During the summer of 2016 I was faced with the reality of moving from Illinois to Arizona. Sure, everyone goes away to college, whether it be staying in your home state or moving to another, but not many future college students plan on their entire family coming with them. In less then a month I was told my childhood home sold on the market, my family purchased a home in the desert, and that we had to pack up our lives and leave my hometown that I spent my entire life in. During the mist of this confusion I was questioning how my relationships and friendships would survive moving across the country and how I would handle the adjustments. Would I be able to come back and visit my extended family and friends? How would I get there? Where would I stay if I did? Plus, transportation around town? After torturing myself in my own mind, I decided that if this was happening then I would make the best situation possible out of it. I decided to pack up my luggage and best friend, Tressie, and stuff them into my Kia Soul to have the road trip of my life. Road tripping from Illinois to Arizona was a defining maturity moment in my life. Two 18 year olds being on the open road was a type of freedom I had not yet felt. I encourage everyone to seek this kind of freedom and wanderlust in their lives because it can teach you the most.
1. I was taught to push myself
I was taught my body's limits of endurance and struggle from climbing The Rocky Mountains. I was also taught how to deal with a flat. Not just any flat, but the kind that lips on the ground. (What do two clueless18 year olds decide to do with a flat tire? Drive on it. For anyone who does not know, this is a horrible idea.) That day I learned how to fill a tire and check its pressure. After all of this, that happened in one day, I had to push myself to drive 12 hours straight through the mountains downshifting for the very first time.
2. I was taught how friends become family
Tressie and I had met just 10 short months earlier as our boyfriend's dates to the senior homecoming dance. We had been with each other through heartbreak, prom and graduation, and huge changes in our lives. In just 10 months I thought I knew the inside and out of this girl. This road trip taught me that I only knew the surface of her. She held so much more strength and beauty that I thought was possible for someone. I was also taught how to share almost 200 hours with someone and love them even more then where we started from.

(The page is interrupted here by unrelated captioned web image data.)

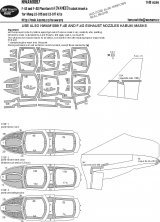 1/48 Mask F-4E, F-4G Phantom II ADVANCED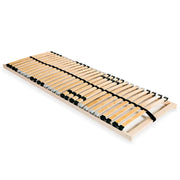 Rete a Doghe 7 Zone senza Materasso con 28 Doghe 80x200 cm 246444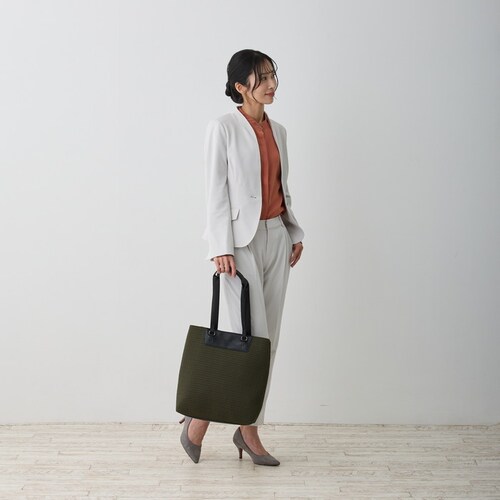 KHAKI ルートート リュック ROOTOTE 1157 通販 リュックサック バックパック デイパック トートバッグ レディース メンズ A4 通勤 通学 軽量 軽い パソコン 13インチ PC収_3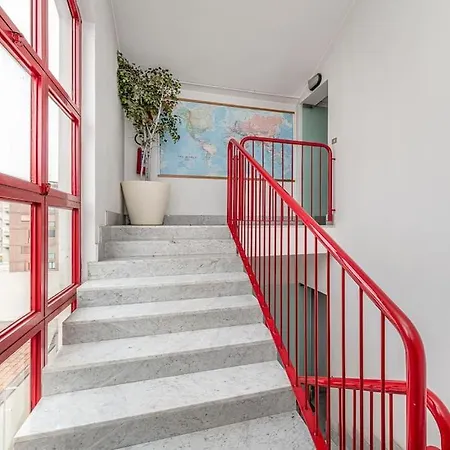 Apartamento The Colorful Nest *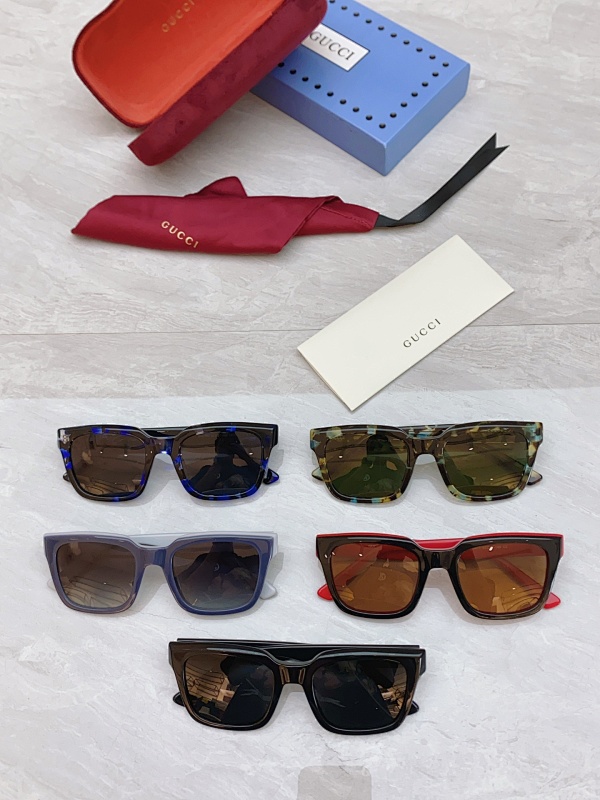 GUCCI SUNGLASSES (203)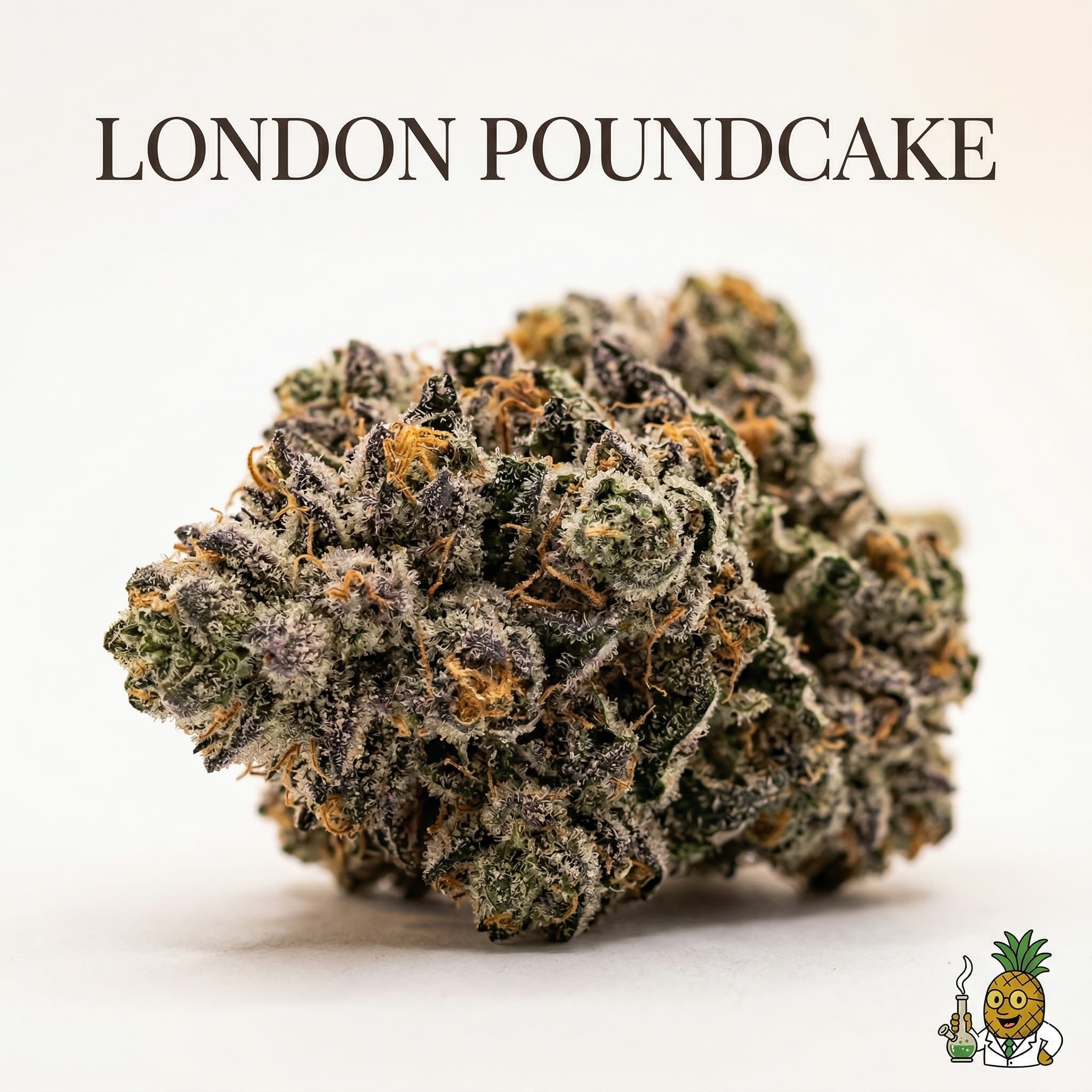 London Pound Cake — #7 Most Popular 2026 product reference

Tressie and our road trip will always hold a special place in my heart.
3. I was taught how small I am
Climbing The Rocky Mountains was one of the best experiences of my life. Seeing the natural beauty of a place virtually untouched by humans was cleansing. To breathe the mountain's thin air and to ground myself in the soil was a kind of closeness with the Earth I can not describe. Being in the middle of all the scenery I felt a kind of smallness that I was never faced with growing up in suburbia. This smallness makes you feel almost insignificant in the long run of the planet, but also somehow blessed that you happened to be born and experience this.
4. I was taught organization
While spontaneity seems all good and fun in movies, that is not the reality of life. For a trip this large, eight days across the country, six states with specific stops in each one, you have to realize it takes some planning. You have to think about what you want to accomplish each day, where you should end up, where you are going to sleep, how to keep on schedule, and how to factor in changing time zones into your equation. Plus, if you are like Tressie and I and plan a road trip in the middle of tourist season, be prepared for traffic, not being able to find parking spots, and people literally wherever you go.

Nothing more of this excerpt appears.